Já desde que criança que sabia que as disciplinas científicas não eram para mim, por isso licenciei-me em literatura moderna e depois trabalhei como biliotecário durante 10 anos, altura em que comecei a escrever. Como arqueólogo participei em várias escavações, e também catalogava o material que era descoberto e publicava os resultados em revistas científicas. Todas estas actividades foram muito formativas. Sobretudo a arqueologia, que me legou o fascínio pelos pequenos objectos. São objectos sobre os quais os livros de História nunca nos falam, mas são muitas vezes aqueles que inspiram grandes narrativas. Por exemplo, o seu colar, nunca um livro de História falaria dele, mas seria um ponto de partida muito interessante para um romance.
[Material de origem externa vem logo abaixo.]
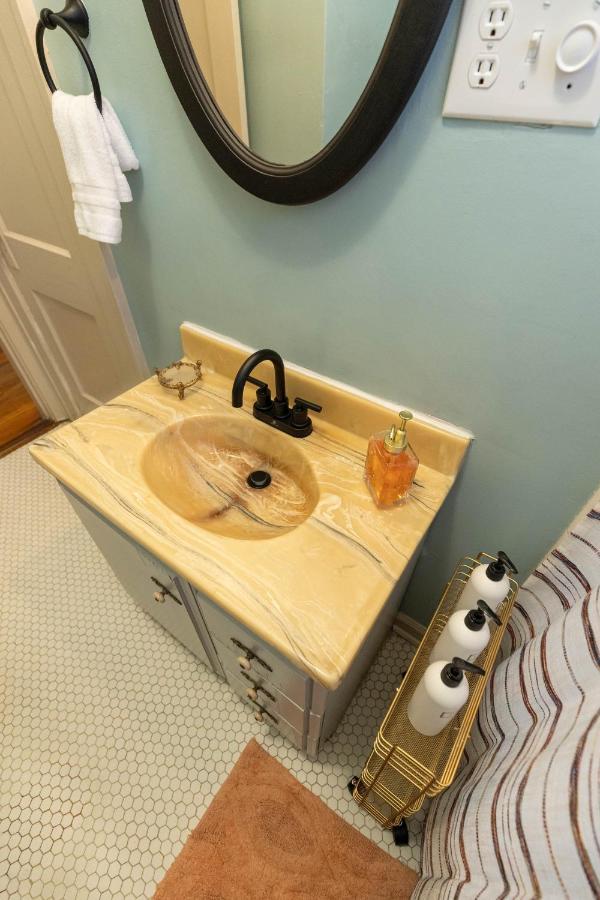 Historic Revival Midtown Memphis Duplex 64 Yes Pets Fast Wifi Free Parking Villa Exterior photo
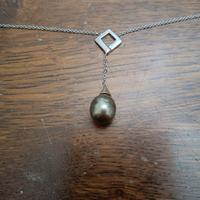 Girocollo sottile oro bianco e perla grigio scuro 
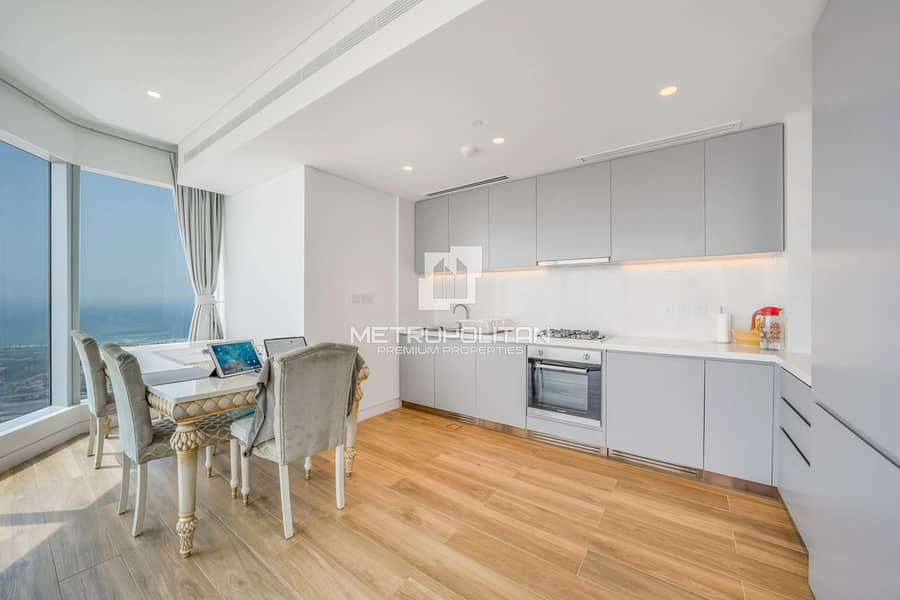 Sleek Interiors | Walk to Shops | Spacious Layout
De que parte para escrever os romances? Da personagem, do cenário, da história?

Depende do livro, geralmente construo romances que rodam em torno de uma personagem. Durante a pesquisa, analiso o tipo de cenário em que posso colocar essa personagem. Na ‘Abadia dos Cem Pecados’, parti muito da envolvência, e da forma como as personagens da história interagiam umas com as outras. É como uma trança feita de vários fios.

Já se interessava pela Idade Média?

Sim, é uma paixão que tenho há anos. Mas a Idade Média é um período muito longo, e para mim é impossível concebê-lo como um só período histórico. A mim interessa-me sobretudo a parte que vem depois do ano 1000, quando houve de facto um renascimento do pensamento. Foi um período muito estimulante, porque os homens eram então muito inteligentes. Com pouco faziam muito. Pessoas como Marco Polo ou Santo António fartaram-se de viajar sem saber o que encontrariam no fim do percurso. Eram de uma coragem hoje quase impossível de imaginar.
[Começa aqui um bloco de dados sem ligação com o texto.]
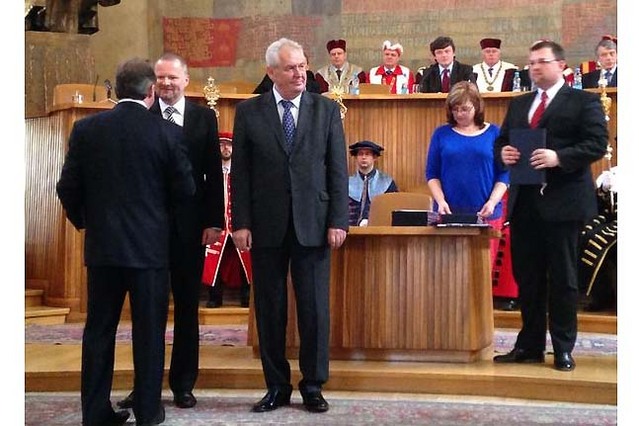 Prezident republiky s ministrem školství předávají dekrety novým profesorům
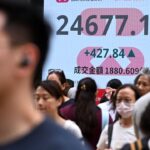 Hong Kong stocks retreat as regional tech volatility offsets short covering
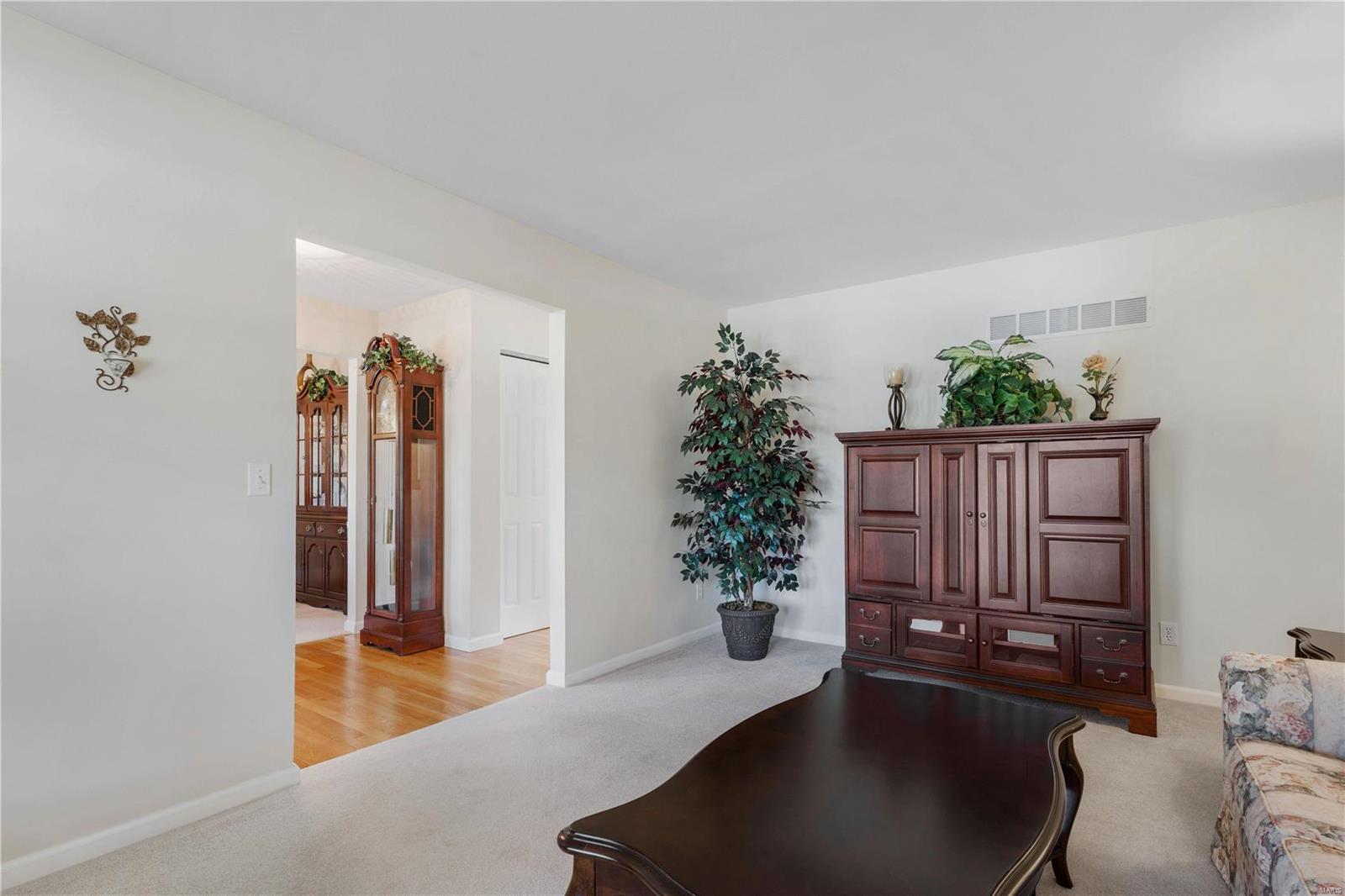 Oak Tree Estate - Residential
É isso que a Idade Média tem para nos ensinar, a coragem?

Sim, e também que todos nós somos donos do nosso destino. Se hoje pensamos como pensamos, é graças aos monges que descobriram e traduziram Aristóteles: o seu pensamento condicionou não só pensamento laico como o de religiosos, e condicionou todo o pensamento moderno.

É daí que vêm as nossas raízes?

As da Europa, absolutamente. Não concordo com o que dizem no Vaticano, que as raízes da Europa são cristãs. As raízes da Europa estão em Roma. As primeiras estradas que juntam toda a Europa são as estradas do exército romano. E todas as nossas línguas são irmãs, são da mesma família, e estas línguas formaram-se na primeira parte da Idade Média.
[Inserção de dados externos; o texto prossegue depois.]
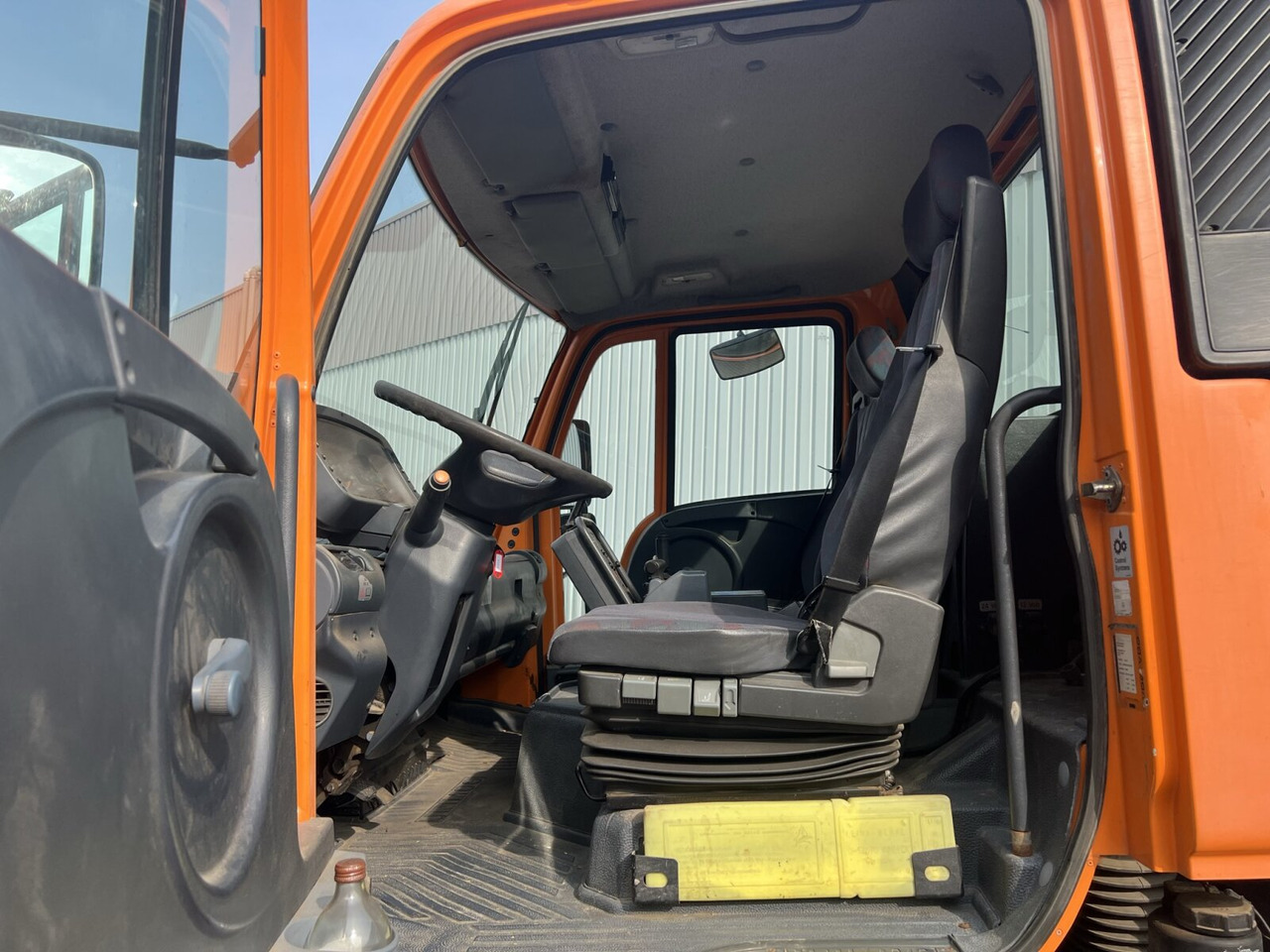 Unimog U 300 4x4 U 300 4x4, Kipper, Kommunalhydraulik, VarioPilot, Zapfwelle - Самоскид вантажівка, Комунальна/ Спеціальна техніка: фото 5 Unimog U 300 4x4 U 300 4x4, Kipper, Kommunalhydraulik, VarioPilot, Zapfwelle - Самоскид вантажівка, Комунальна/ Спеціальна техніка: фото 5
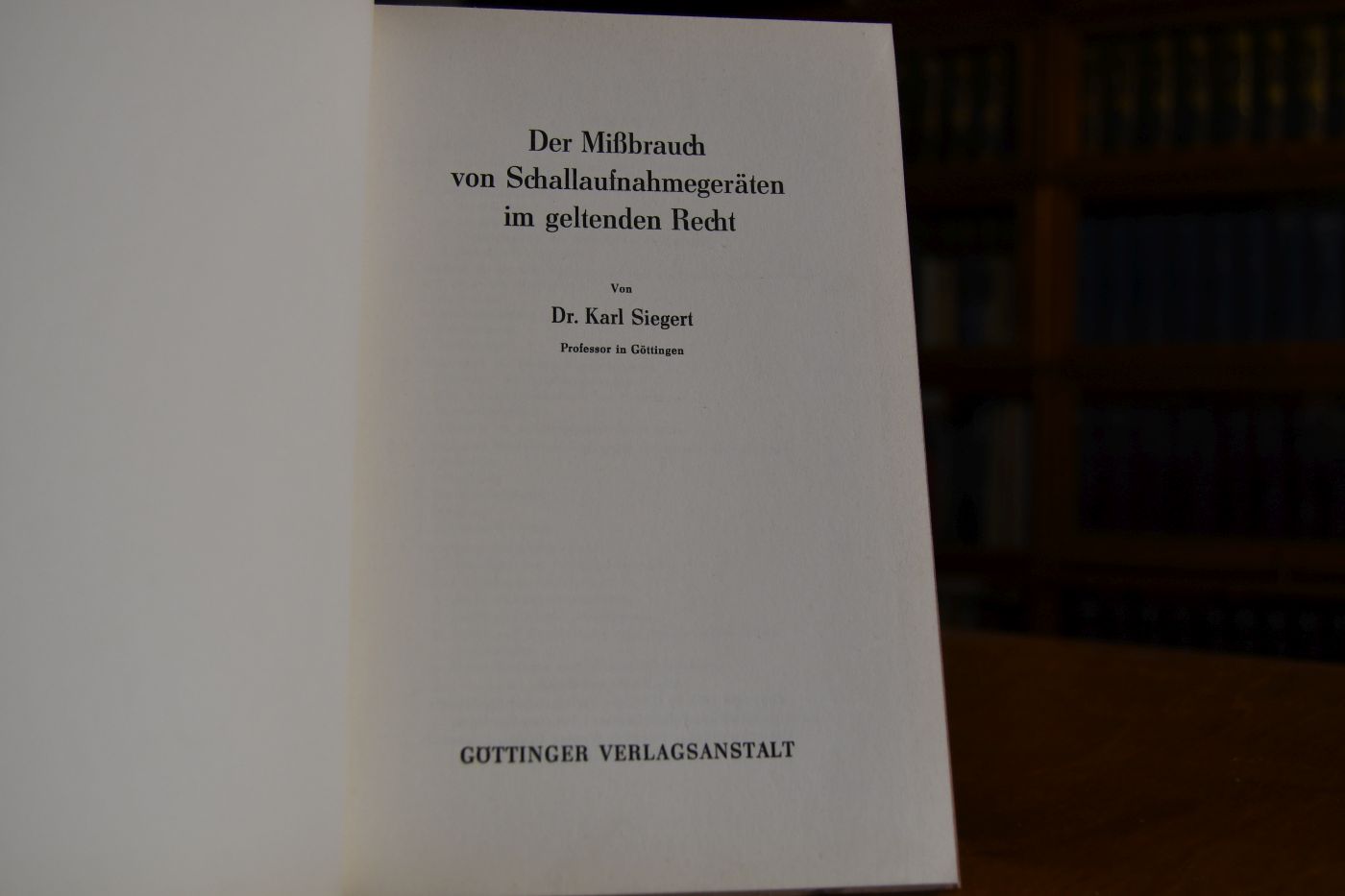 Der Mißbrauch von Schallaufnahmegeräten im geltenden Recht.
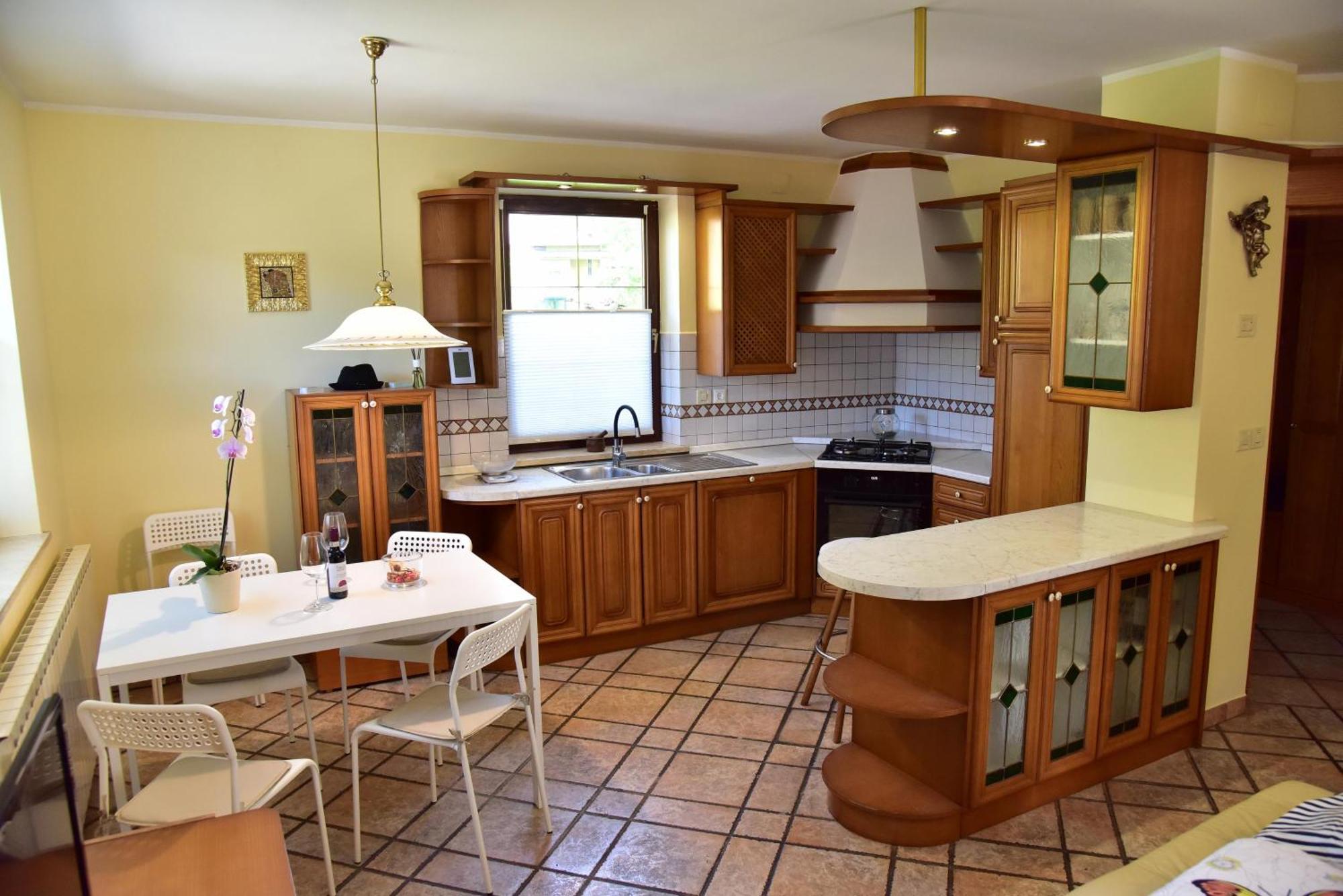 Apartment Jang Tolmin Luaran gambar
Fazer investigação para um romance histórico não tira parte da graça quando se está a escrever?

Não, importa escolher o mais interessante e fazer passar o resto por trás. Uma monja de 23 anos que vive aterrorizada pelos homens, permanece interessante durante todo o livro.

Já sabia que ia ser uma trilogia?

Não, eu queria que fosse um romance único, mas daria mais de 900 páginas, portanto os editores acharam por bem dividir a história.

Qual é a atracção do passado? Por que é que gostamos tanto de romances históricos?

Porque o passado afasta-nos das chatices do dia a dia, afasta-nos do trânsito, do barulho, dos problemas, do som do telemóvel que toca, do telejornal, e de tudo o que torna a nossa vida insuportável. No passado, podemos ser quem quisermos.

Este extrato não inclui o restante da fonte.